Problem requirements: Nothing in the data should change when you return it, but leave the pictures out.

Data supplied:
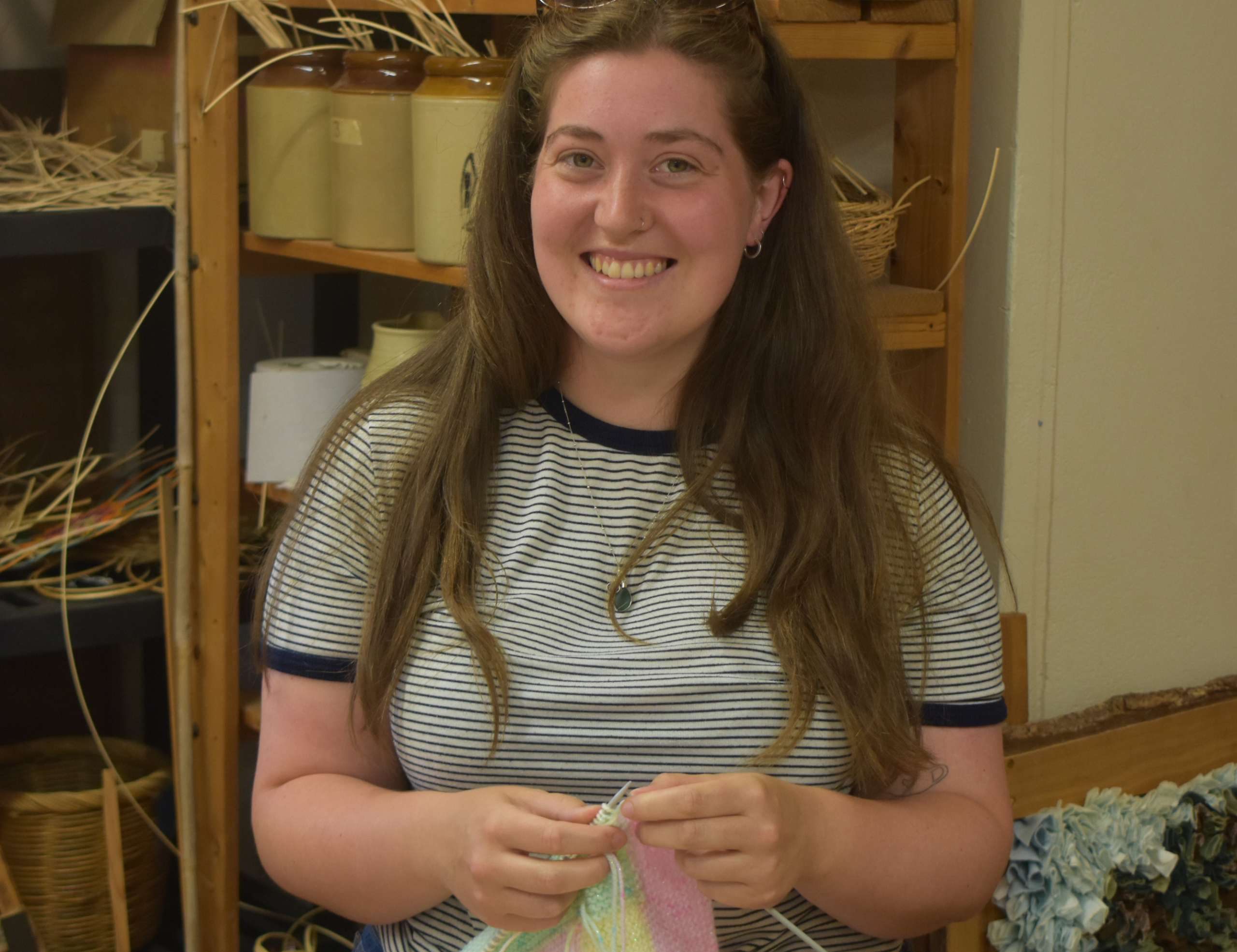 A staff member weaving in a workshop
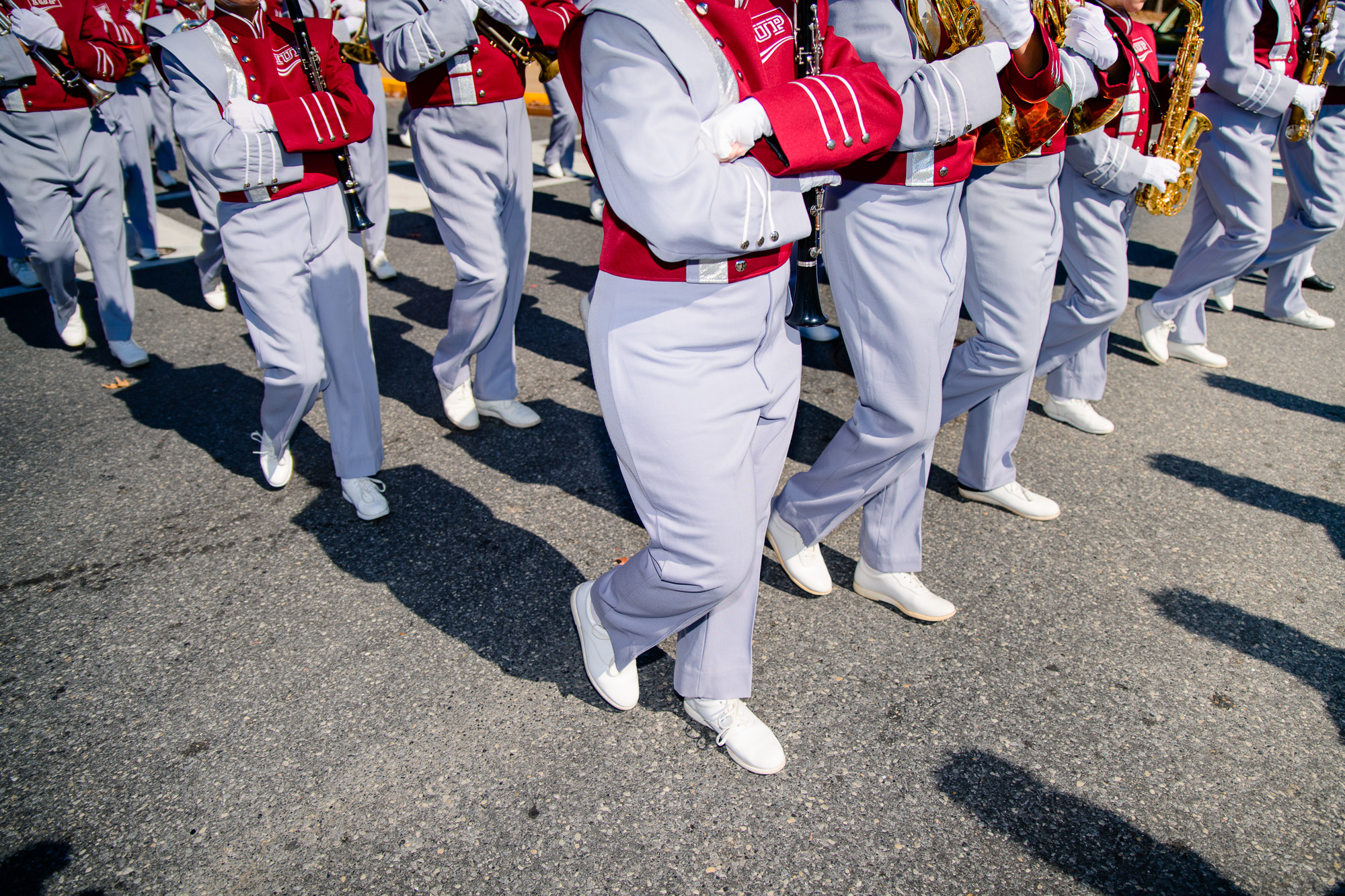 The band marches down the street through IUP's campus.
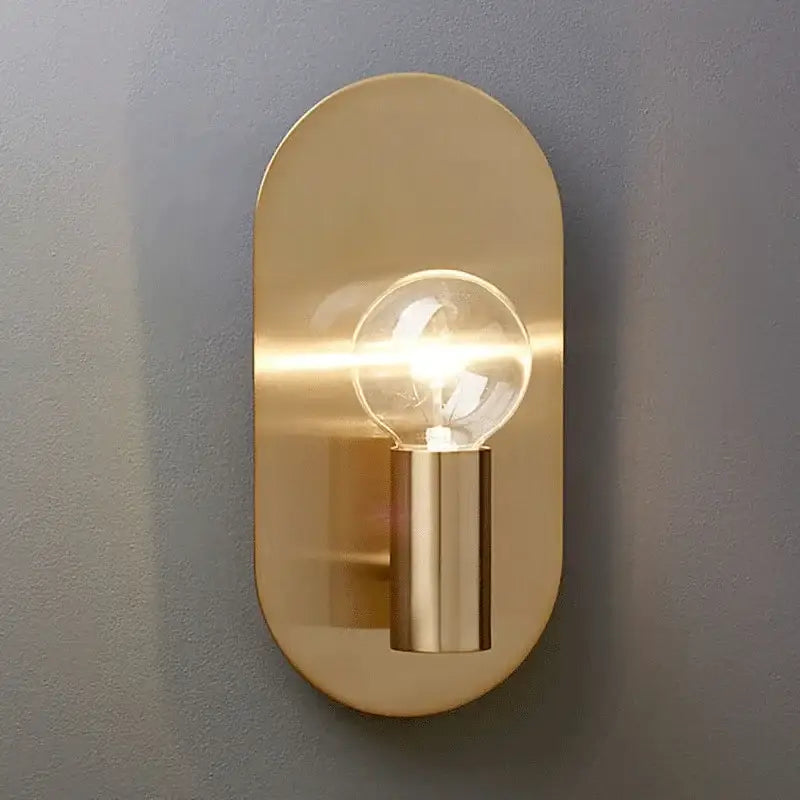 Modern gold wall lamp sconce with brass oval design and clear filament bulb for stylish bedroom decorbites gold wall lamp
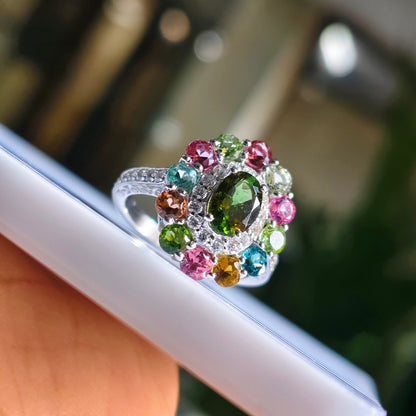 A silver ring with a large oval green gemstone surrounded by a colorful halo of pink, green, blue, and orange accent stones, held by a hand near a white rectangular surface.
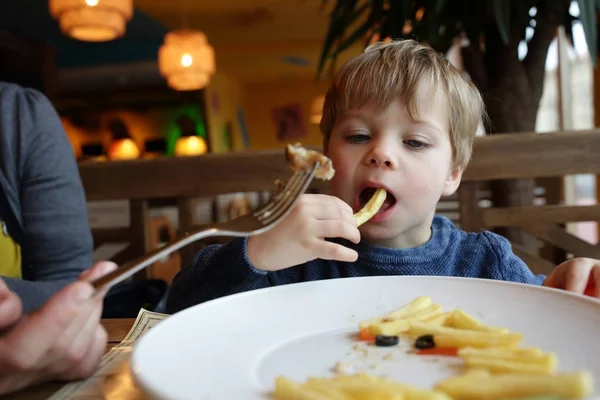 Ребенок ест картошку фри — стоковое фото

Solved problem:
 A staff member weaving in a workshop
 The band marches down the street through IUP's campus.
 Modern gold wall lamp sconce with brass oval design and clear filament bulb for stylish bedroom decorbites gold wall lamp
 A silver ring with a large oval green gemstone surrounded by a colorful halo of pink, green, blue, and orange accent stones, held by a hand near a white rectangular surface.
 Ребенок ест картошку фри — стоковое фото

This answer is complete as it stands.